Tuesday, 18 February 2014

OpenGL 2D Camera Tutorial

One might assume it's a trivial task to create a 2D camera with OpenGL, but it's not quite. For the more experienced programmer this may be obvious, but (as an amateur) I had a lot of trouble with this. I'm writing this in hopes that someone in the same position may stumble across this and have a little less to worry about after reading. It's written in Java, however, it's not very complex, and can be easily to translate to other languages. Hopefully this can help everyone!

So, the troubles with a 2D camera include zooming in/out to/from the center of the screen, having translation not effected by zoom/scale, and having zooming it's self not effected by zoom/scale. I'll start off with a class that addresses none of these issues, and is only useful for basic functionality.

As you can see, this class merely translates and scales by the position and scale. Any scaling performed will merely scale everything form the origin, regardless of the position of the camera. Changes in position are pushed right through to the final "glTranslatef" in the "use" method, likewise, changes in scale have absolutely no relation to the current scale. With the current camera zooming out far will cause translations to become slow, and zooming in close will cause them to become fast. Zooming in will also taper off and get slower the more you zoom in, then the further you zoom out the faster it goes. This is not the kind of behaviour we want. So we'll start with making the origin of zoom the center of the screen.

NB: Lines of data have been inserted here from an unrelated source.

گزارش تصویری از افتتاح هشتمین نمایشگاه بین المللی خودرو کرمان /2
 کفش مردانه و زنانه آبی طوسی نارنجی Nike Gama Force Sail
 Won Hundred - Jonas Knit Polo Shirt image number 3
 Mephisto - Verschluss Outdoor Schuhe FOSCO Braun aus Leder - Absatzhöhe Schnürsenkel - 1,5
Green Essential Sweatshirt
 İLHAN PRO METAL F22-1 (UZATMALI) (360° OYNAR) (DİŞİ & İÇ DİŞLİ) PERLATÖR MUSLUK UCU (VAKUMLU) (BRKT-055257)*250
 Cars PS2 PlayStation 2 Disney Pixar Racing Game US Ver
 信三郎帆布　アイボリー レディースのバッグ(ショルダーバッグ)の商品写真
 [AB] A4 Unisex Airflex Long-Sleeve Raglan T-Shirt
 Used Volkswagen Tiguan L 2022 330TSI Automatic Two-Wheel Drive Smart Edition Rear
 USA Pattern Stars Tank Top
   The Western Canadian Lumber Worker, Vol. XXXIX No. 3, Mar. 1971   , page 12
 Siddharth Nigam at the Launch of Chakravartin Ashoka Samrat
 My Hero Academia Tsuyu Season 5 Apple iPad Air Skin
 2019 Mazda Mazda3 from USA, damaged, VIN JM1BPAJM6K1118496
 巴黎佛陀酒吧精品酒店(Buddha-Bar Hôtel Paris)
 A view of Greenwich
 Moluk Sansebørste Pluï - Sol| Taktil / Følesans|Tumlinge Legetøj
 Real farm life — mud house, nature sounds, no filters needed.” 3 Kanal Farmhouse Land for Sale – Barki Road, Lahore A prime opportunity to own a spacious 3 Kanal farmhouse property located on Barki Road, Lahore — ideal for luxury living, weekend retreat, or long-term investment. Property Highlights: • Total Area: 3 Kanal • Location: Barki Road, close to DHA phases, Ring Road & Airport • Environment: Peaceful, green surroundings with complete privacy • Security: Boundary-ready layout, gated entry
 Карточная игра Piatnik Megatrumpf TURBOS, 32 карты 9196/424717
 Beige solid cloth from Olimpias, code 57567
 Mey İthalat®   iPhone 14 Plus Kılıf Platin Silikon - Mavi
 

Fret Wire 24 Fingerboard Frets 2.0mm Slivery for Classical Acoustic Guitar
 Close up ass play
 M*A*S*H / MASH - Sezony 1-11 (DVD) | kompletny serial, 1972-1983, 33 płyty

Now the camera will zoom in/out from the center of the screen instead of the origin. To explain a little, we first translate everything to the camera coordinates (GL commands pushed into stack first will be the last executed, so all GL commands should be ordered in reverse), then scale, then once again translate to the center of the display. This gives the effect that the scaling has happened in the center of the display, when in reality, the point where the center of the display would be is being kept in place after scaling. Next we'll make translations ambiguous.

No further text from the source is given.